2024-02-24 at 20:07 [dardel]
Serious file system problems, job starts have been disabled again, investigation is ongoing.
2024-02-24 at 18:12 [dardel]
System maintenance done, Dardel is running jobs since a few hours.
2024-02-14 at 18:00 [dardel]
Issues related to flapping network connectivity between file-servers and compute clients addressed. Job starts resumed since half an hour.

Please be aware of that the forthcoming extensive update 2024-02-19, and that the internal bug in the lustre file-system both remain.

Important info can be found at issues/update .
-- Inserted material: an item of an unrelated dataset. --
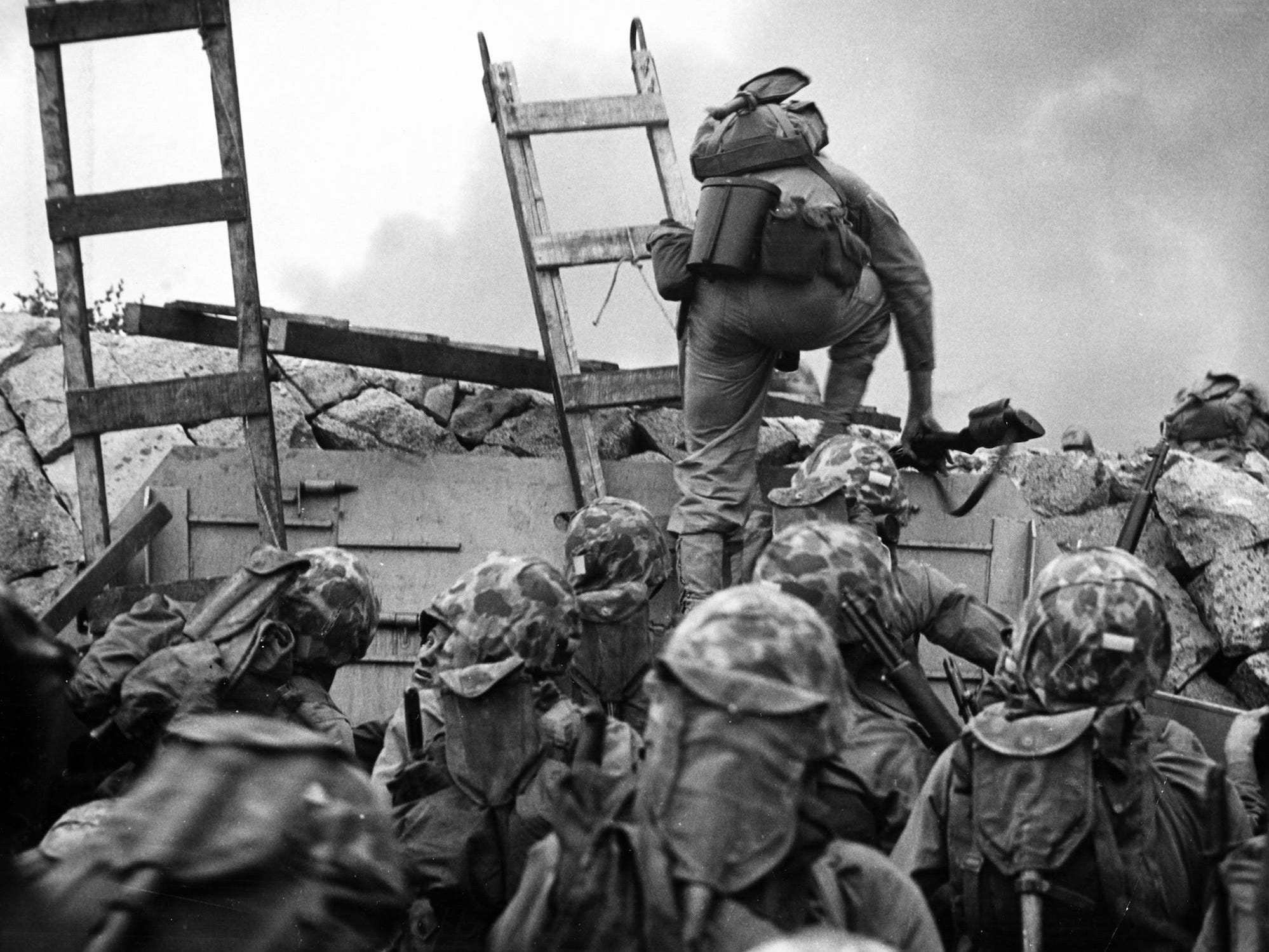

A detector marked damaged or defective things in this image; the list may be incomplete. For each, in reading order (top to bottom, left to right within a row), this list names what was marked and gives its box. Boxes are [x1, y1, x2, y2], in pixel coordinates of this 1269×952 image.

broken timber beam [127, 305, 619, 396]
2024-02-12 at 20:55 [dardel]
As issues continue (also involving flapping connectivity between file-servers and clients) no jobs will be allowed to enter running state, should they reside under /cfs/klemming.

Please find more pieces of info on this, and info on forthcoming update starting 2024-02-19 at issues/update .

2024-02-12 at 18:30 [dardel]
Status of the ongoing serious issues regarding the lustre client (/cfs/klemming) and of forthcoming extensive upgrade, starting 2024-02-19, can be found at issues/update .
2024-02-05 at 14:58 [dardel]
After the updates last week (starting Wednesday 2024-01-31) many applications have hit what seem to be an internal bug in the lustre file-system client.

Typically this manifests itself through jobs not terminating/finishing properly. Nodes get stuck 'completing' after job finish for longer periods of time. Other jobs fail to start up properly on all nodes.

Several applications seem to be hit by the bug. However, 'vasp' applications seem more unfortunate.

Work to apply a work-around is on-going.